Data shown —

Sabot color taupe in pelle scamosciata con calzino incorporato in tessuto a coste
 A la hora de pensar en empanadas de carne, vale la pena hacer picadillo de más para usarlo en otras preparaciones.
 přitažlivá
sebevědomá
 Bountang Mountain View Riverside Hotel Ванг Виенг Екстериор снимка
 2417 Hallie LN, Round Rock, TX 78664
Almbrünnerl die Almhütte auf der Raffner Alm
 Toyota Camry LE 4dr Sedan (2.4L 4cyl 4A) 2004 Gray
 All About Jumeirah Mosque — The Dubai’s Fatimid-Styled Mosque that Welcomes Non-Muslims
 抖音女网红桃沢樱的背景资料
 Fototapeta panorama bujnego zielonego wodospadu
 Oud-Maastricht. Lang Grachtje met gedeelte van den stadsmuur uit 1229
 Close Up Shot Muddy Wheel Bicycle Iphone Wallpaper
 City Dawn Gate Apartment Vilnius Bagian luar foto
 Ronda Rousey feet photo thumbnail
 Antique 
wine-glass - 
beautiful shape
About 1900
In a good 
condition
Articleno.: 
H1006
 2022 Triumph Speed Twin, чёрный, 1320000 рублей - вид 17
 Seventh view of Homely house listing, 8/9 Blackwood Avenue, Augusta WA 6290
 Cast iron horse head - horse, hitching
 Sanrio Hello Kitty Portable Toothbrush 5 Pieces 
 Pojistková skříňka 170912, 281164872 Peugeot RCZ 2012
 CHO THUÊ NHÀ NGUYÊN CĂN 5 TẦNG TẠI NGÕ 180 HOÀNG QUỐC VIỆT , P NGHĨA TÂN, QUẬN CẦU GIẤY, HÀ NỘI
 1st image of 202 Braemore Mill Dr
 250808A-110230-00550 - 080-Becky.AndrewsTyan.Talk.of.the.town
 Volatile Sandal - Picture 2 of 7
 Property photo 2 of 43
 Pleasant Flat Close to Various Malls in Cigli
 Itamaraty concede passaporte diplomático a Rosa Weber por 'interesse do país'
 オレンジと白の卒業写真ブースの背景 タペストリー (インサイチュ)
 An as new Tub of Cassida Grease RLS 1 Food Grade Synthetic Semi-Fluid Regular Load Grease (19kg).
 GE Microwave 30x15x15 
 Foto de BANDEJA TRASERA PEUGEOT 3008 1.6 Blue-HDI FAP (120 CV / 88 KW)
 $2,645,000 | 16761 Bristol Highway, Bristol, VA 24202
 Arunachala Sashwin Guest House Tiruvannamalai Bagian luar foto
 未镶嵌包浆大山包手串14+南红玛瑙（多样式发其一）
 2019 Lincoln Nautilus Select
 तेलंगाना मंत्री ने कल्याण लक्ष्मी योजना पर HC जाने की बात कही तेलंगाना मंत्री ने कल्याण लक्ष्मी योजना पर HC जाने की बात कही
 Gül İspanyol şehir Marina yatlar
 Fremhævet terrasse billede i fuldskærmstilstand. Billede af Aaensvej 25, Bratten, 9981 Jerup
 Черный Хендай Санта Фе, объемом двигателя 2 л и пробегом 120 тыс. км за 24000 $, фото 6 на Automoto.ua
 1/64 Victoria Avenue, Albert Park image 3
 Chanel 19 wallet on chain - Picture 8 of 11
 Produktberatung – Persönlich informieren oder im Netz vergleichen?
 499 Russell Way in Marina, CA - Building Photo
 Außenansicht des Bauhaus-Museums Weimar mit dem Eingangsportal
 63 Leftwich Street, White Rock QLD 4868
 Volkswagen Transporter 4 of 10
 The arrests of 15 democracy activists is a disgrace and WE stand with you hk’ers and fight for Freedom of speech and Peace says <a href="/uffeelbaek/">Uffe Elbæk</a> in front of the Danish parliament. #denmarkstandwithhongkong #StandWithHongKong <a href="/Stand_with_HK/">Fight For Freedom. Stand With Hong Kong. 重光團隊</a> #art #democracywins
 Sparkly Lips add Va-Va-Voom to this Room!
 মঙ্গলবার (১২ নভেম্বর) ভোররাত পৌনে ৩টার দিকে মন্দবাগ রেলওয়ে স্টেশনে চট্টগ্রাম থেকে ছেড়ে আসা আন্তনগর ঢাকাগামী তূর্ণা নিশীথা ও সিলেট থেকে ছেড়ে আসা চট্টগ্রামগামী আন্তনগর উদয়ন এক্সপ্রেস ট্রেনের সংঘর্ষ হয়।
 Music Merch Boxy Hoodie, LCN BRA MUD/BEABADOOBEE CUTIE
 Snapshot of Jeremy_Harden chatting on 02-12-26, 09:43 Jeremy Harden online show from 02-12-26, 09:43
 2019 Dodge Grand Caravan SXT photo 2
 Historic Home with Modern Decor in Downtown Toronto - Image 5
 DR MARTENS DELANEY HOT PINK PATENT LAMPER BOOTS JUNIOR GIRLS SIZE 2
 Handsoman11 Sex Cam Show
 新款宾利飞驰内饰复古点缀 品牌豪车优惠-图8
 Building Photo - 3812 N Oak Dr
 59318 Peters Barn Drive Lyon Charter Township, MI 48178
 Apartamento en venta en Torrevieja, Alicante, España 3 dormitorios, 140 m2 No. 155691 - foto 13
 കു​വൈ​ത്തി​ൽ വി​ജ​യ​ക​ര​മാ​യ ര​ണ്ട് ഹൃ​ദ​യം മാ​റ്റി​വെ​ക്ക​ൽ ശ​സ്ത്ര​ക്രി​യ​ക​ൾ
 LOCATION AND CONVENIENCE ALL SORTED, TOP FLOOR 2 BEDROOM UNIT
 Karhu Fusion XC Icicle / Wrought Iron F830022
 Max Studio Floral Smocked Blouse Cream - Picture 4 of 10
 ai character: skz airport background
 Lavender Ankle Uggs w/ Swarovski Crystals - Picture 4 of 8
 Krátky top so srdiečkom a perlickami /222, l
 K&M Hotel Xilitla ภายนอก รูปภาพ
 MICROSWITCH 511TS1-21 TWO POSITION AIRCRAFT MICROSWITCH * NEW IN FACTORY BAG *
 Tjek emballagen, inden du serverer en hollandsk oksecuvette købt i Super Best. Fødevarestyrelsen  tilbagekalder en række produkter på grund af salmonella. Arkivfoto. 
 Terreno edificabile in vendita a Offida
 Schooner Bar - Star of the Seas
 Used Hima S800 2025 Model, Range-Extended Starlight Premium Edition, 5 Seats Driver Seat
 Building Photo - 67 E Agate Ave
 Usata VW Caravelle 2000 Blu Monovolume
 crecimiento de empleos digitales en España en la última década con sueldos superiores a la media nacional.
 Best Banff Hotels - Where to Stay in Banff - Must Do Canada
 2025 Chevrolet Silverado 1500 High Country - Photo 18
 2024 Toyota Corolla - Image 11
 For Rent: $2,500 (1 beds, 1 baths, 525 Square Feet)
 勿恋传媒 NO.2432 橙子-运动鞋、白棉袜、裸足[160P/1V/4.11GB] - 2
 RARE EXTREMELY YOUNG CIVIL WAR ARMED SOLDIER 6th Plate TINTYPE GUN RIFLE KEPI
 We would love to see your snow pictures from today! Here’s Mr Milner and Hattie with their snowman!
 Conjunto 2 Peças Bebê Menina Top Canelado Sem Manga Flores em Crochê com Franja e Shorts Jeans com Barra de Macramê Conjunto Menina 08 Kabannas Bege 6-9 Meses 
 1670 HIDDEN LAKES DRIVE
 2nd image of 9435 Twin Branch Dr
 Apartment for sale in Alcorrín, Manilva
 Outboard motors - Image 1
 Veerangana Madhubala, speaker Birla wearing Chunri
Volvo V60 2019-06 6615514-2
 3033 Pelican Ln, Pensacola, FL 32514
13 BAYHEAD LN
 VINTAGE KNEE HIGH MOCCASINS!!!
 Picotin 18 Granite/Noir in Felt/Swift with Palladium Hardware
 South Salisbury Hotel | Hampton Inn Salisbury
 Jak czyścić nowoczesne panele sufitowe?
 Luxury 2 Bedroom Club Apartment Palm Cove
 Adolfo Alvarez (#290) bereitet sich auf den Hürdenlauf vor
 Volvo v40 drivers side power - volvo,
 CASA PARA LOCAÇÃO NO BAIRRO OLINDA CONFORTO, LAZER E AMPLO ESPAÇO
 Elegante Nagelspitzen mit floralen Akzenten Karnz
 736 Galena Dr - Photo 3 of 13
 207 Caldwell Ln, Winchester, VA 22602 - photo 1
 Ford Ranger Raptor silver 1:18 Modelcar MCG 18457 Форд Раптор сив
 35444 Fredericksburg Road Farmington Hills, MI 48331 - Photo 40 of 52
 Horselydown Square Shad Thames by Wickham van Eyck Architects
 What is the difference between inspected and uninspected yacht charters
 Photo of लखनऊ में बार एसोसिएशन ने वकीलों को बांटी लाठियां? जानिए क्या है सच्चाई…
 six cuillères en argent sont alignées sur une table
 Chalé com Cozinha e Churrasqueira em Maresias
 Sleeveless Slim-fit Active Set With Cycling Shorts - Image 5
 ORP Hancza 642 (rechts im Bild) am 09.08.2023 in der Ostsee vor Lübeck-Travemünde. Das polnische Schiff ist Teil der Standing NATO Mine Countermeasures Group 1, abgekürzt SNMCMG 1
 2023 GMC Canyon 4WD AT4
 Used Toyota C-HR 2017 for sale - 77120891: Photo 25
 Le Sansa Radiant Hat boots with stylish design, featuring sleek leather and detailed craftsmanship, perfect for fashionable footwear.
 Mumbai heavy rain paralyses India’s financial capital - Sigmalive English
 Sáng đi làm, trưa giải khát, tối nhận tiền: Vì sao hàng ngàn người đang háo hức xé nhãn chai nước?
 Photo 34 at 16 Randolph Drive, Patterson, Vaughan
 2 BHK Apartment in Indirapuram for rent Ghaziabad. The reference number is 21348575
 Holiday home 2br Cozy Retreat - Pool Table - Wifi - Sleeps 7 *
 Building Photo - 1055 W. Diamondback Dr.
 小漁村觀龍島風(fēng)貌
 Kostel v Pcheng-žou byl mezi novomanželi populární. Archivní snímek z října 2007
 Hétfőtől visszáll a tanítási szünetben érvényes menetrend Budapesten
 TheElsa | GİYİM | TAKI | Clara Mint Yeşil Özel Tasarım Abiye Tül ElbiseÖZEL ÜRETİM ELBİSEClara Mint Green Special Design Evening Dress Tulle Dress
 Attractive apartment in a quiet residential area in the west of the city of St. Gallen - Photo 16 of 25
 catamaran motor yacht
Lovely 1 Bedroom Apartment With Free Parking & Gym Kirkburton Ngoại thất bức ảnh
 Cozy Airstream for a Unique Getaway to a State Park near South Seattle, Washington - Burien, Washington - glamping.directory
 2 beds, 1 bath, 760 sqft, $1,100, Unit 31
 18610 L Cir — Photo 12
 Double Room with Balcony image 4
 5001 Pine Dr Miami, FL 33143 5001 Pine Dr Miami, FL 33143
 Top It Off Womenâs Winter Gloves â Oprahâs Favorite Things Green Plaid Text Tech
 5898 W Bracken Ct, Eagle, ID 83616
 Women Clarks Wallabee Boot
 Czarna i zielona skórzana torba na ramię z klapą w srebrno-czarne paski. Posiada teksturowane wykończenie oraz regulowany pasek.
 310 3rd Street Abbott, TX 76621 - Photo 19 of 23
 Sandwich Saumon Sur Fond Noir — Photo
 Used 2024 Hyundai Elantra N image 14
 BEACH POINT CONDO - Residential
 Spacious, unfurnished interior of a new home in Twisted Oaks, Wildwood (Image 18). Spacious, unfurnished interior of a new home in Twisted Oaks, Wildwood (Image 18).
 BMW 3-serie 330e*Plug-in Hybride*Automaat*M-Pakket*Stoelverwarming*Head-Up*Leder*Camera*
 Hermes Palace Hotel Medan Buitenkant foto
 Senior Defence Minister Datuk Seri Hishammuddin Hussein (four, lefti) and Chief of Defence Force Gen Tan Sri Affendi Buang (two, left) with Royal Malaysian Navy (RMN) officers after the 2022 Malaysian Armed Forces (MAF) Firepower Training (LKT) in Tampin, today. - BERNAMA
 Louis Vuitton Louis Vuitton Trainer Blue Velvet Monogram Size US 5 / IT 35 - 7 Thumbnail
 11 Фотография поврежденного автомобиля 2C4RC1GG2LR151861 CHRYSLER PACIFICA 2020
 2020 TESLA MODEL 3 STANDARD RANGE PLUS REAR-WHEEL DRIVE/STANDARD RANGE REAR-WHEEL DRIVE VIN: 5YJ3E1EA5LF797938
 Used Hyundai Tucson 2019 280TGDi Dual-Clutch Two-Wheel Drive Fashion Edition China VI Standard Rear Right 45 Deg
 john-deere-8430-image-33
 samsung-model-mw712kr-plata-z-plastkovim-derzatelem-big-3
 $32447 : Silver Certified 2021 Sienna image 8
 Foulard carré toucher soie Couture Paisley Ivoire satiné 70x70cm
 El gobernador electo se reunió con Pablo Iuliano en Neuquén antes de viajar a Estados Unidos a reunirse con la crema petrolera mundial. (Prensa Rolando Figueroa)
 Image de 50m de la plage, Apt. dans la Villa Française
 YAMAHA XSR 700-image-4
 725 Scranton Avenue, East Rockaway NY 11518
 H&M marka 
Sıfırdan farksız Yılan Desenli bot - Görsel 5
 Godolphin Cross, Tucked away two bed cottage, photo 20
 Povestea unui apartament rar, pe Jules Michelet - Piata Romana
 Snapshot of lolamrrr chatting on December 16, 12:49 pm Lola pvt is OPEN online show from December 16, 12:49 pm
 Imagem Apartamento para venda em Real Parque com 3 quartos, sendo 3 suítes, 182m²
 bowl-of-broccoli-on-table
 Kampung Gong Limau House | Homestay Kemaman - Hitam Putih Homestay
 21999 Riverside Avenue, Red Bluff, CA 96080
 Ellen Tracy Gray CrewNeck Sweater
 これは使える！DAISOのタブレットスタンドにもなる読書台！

The problem — Count every line above that holds the string "Marina" and give the total, nothing more.

Result — 2